[Action item]:
Everything from the line with "Proven Winners® Annual" to the end of the entries should be set down exactly, except the pictures.

[Listed entries]:
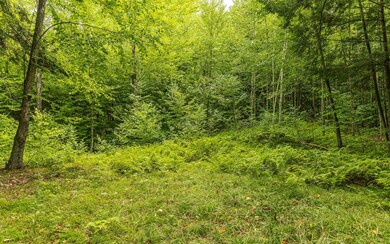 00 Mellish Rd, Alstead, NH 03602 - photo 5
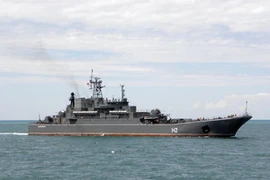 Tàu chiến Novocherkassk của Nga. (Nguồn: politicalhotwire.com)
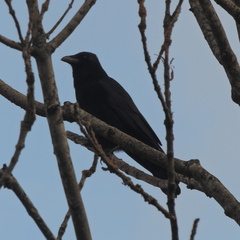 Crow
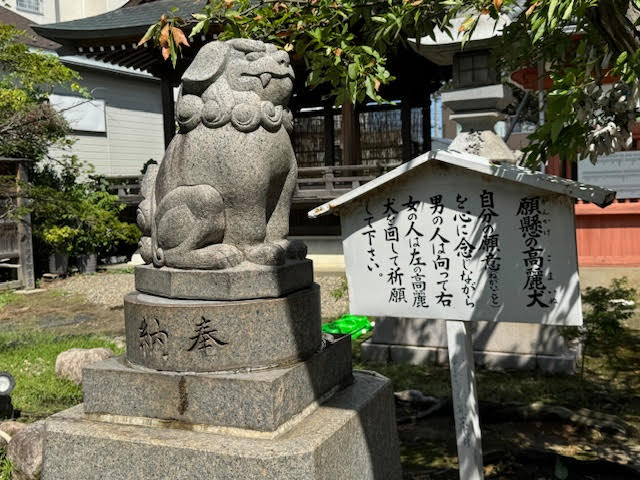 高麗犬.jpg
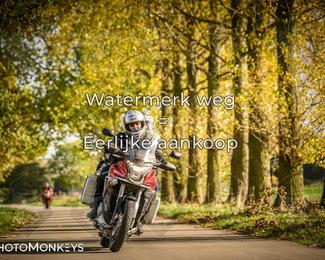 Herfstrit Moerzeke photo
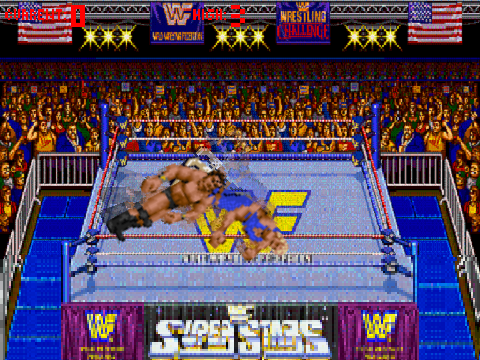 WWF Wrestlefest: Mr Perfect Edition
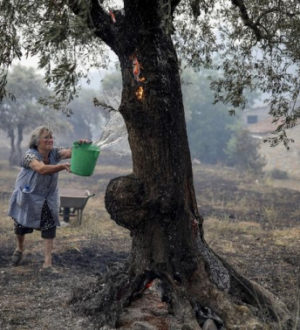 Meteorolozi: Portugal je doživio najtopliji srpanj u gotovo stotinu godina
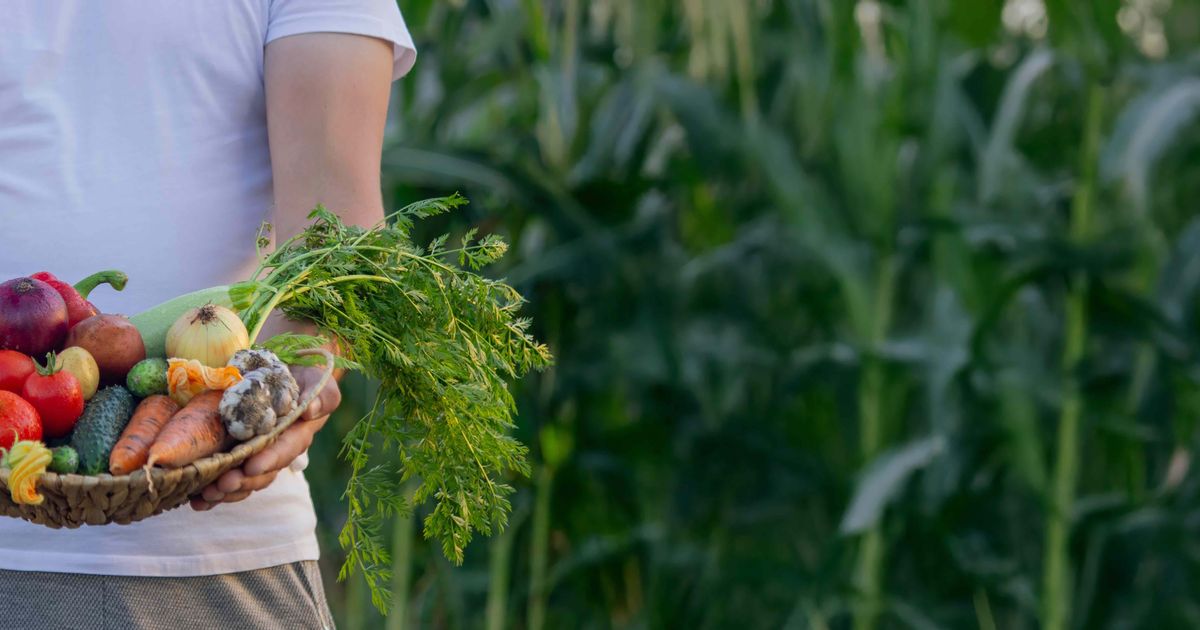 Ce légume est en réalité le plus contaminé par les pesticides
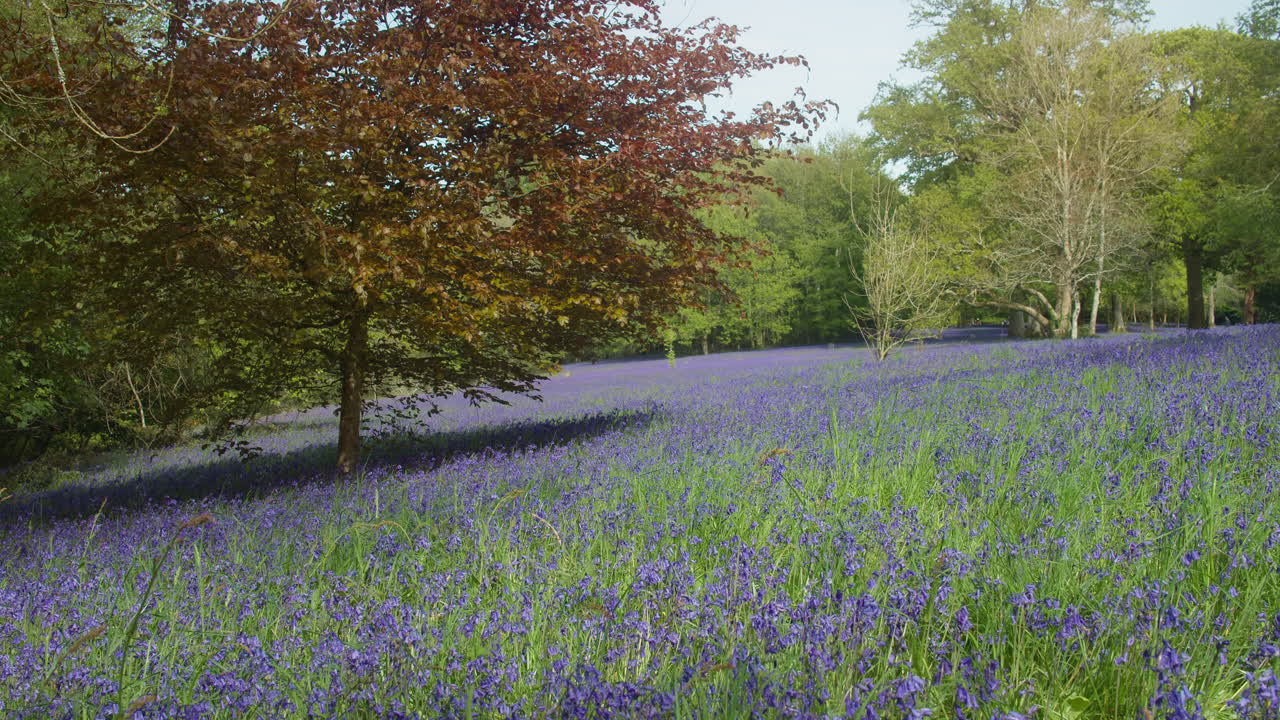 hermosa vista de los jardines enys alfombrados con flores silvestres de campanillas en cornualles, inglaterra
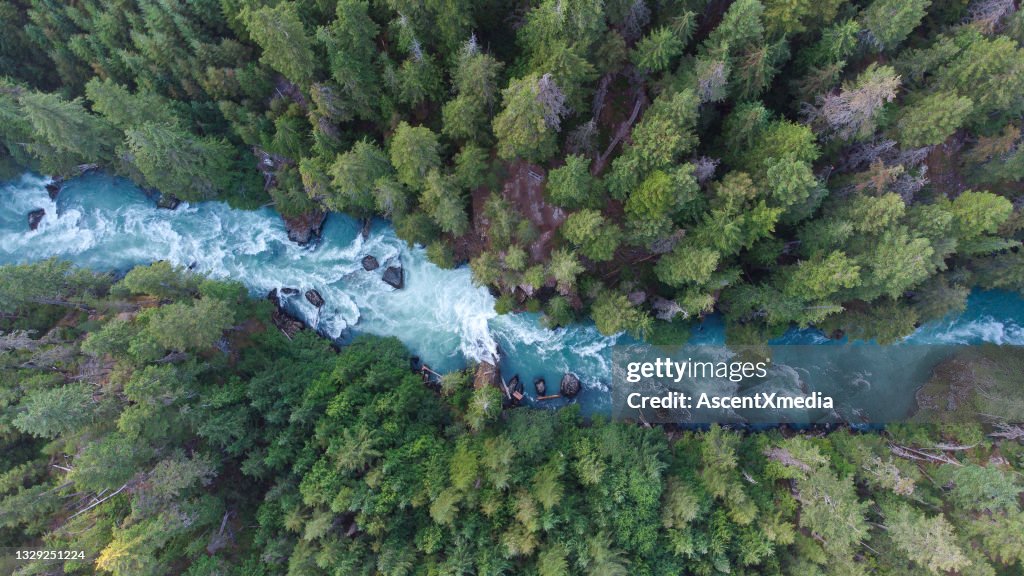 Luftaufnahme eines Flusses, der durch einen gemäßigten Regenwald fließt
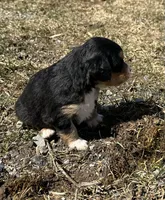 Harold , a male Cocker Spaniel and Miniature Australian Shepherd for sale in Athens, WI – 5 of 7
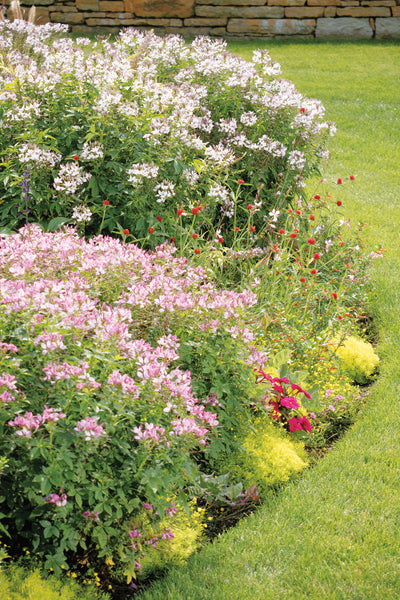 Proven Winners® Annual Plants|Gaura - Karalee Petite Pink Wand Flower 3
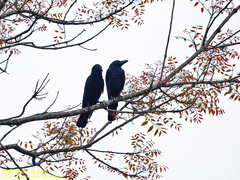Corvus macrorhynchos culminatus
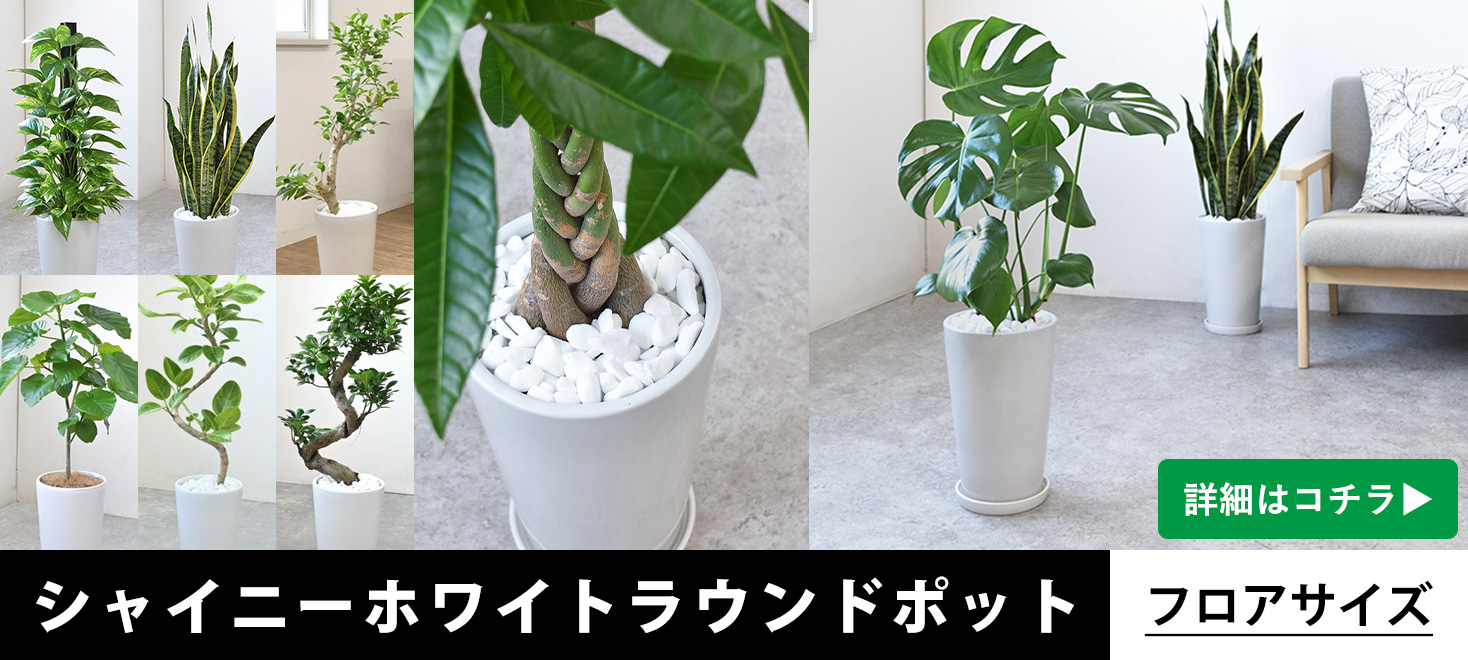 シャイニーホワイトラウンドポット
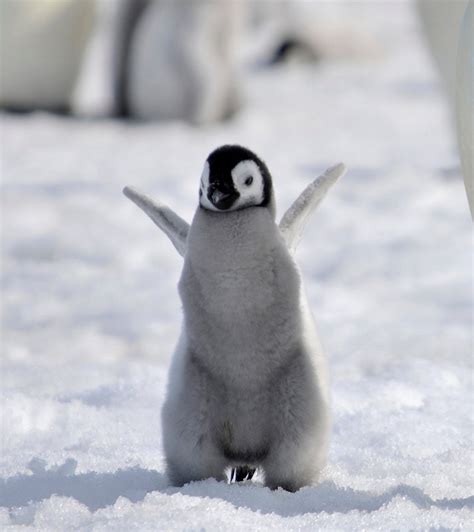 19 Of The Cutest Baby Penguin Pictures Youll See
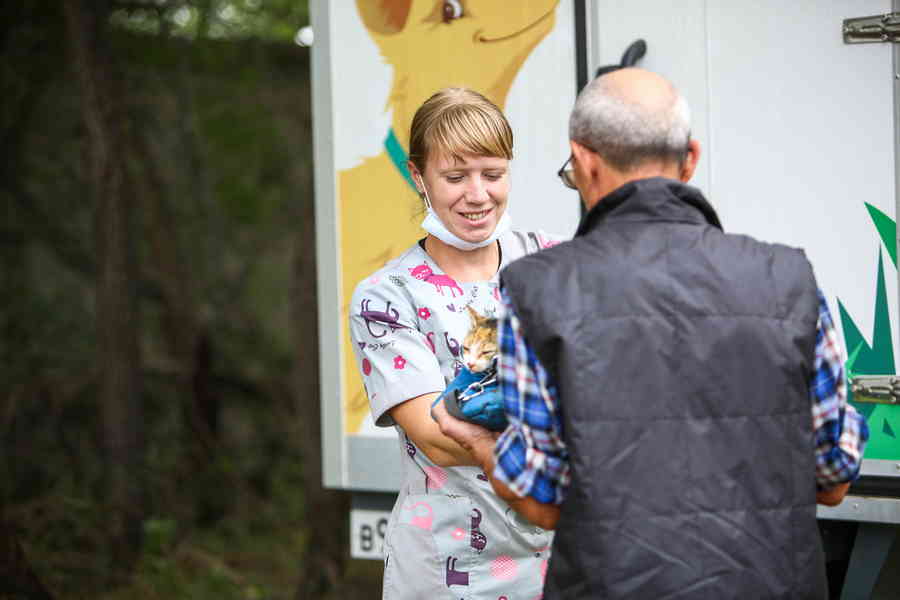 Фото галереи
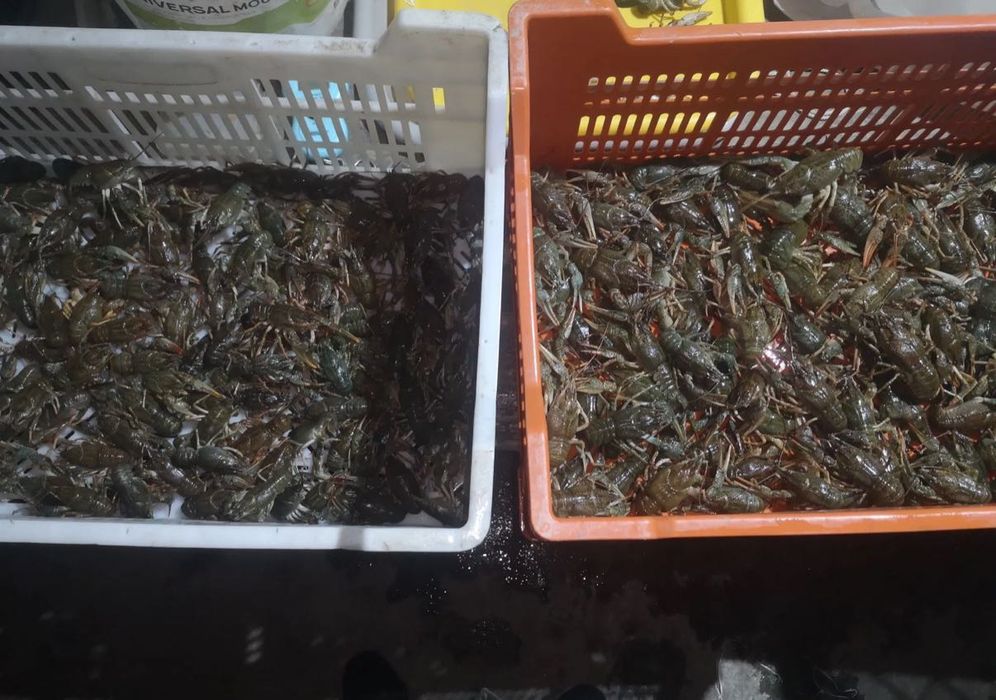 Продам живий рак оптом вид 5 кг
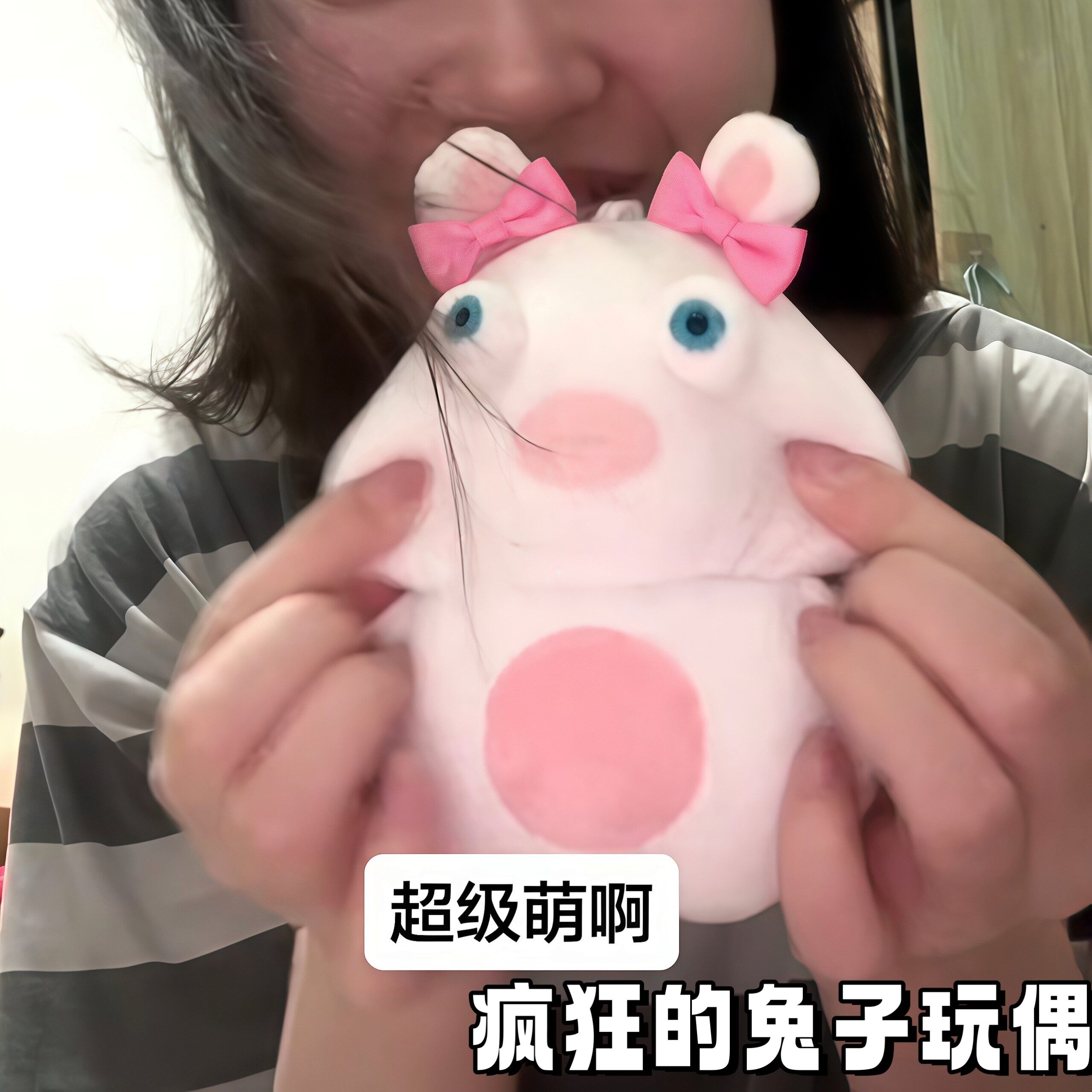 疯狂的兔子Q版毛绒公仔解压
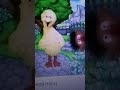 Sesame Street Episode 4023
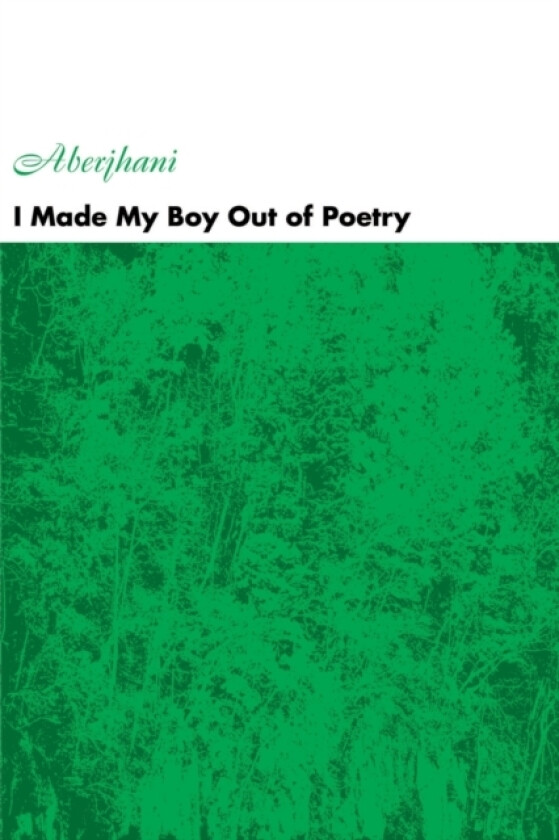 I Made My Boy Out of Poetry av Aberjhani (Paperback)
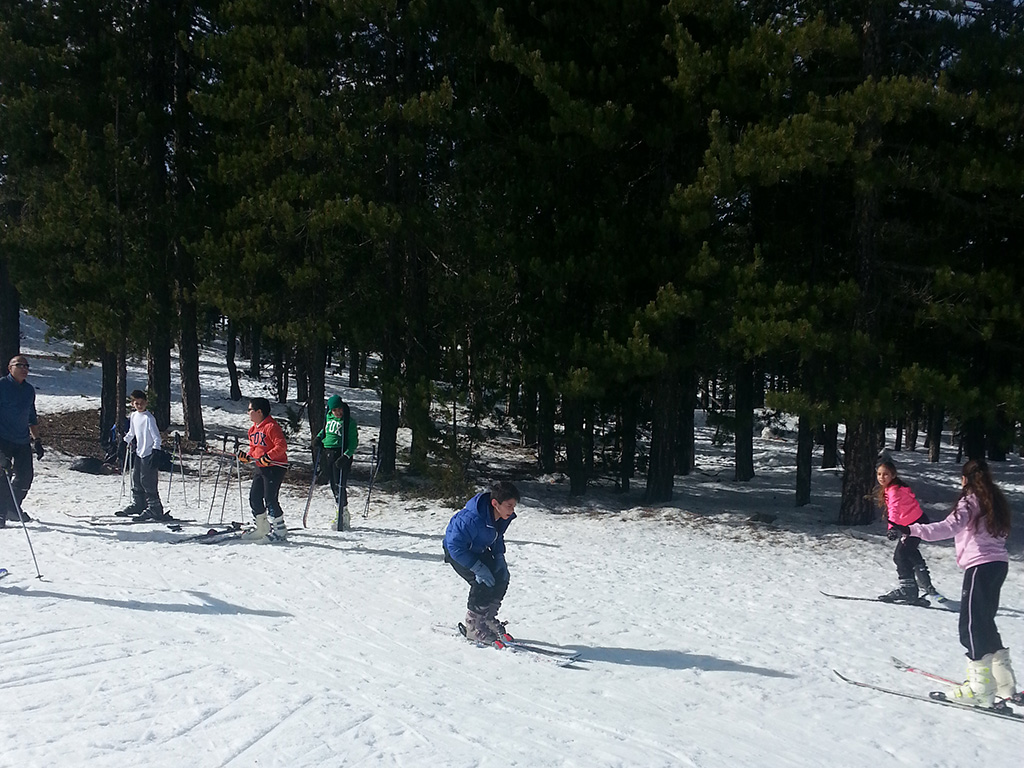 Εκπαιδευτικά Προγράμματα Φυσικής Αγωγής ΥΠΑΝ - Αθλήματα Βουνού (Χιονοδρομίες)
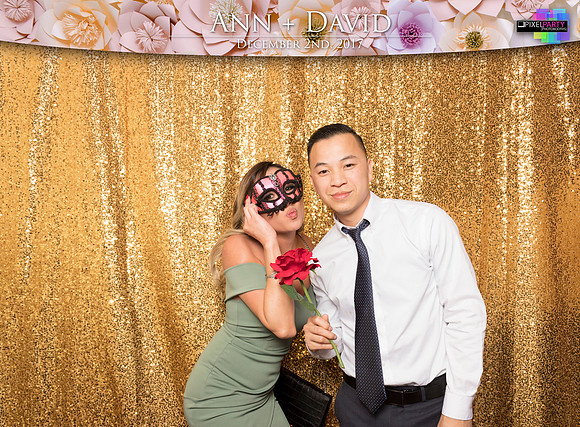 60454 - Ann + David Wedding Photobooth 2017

[Response area]:
 Proven Winners® Annual Plants|Gaura - Karalee Petite Pink Wand Flower 3
Corvus macrorhynchos culminatus
 シャイニーホワイトラウンドポット
 19 Of The Cutest Baby Penguin Pictures Youll See
 Фото галереи
 Продам живий рак оптом вид 5 кг
 疯狂的兔子Q版毛绒公仔解压
 Sesame Street Episode 4023
 I Made My Boy Out of Poetry av Aberjhani (Paperback)
 Εκπαιδευτικά Προγράμματα Φυσικής Αγωγής ΥΠΑΝ - Αθλήματα Βουνού (Χιονοδρομίες)
 60454 - Ann + David Wedding Photobooth 2017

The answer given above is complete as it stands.